Many advantages make electrolytic in-process dressing (ELID) grinding desirable for cutting hard and brittle material with high surface requirements. The self-electrolytic in-process dressing property in ELID grinding is also largely responsible for the shorter wear life and lower forming accuracy of the grinding wheel. In ELID grinding, except for traditional mechanical wear, the electrolytic oxidation wear also adds more uncertainties to the wear velocity of the grinding wheel. To date, few investigations focused on the grinding wheel wear life characterization in ELID cut-in grinding of ball bearing raceway. In this study, the wear life characterization of the grinding wheel during ELID grinding was quantitatively simulated by a moving normal distribution curve of the grit state variation. As all types of cutting grits wear out, so did the normal distribution curve, showing movement towards the grinding wheel center.
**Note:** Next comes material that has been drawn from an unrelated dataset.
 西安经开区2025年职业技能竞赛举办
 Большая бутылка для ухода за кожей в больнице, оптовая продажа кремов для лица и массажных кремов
With the normal distribution curve moving towards the grinding wheel center, a local acceleration and local deceleration in moving velocities occurred. It is the diversity of the moving speed of the normal distribution curve that provides a quantitative description to understand the wear life characterization of the ELID grinding wheel. Some experimental results can easily explain this new proposed perspective. This new perspective can also be extended to predict the forming accuracy and surface topography of the bearing raceway during ELID grinding.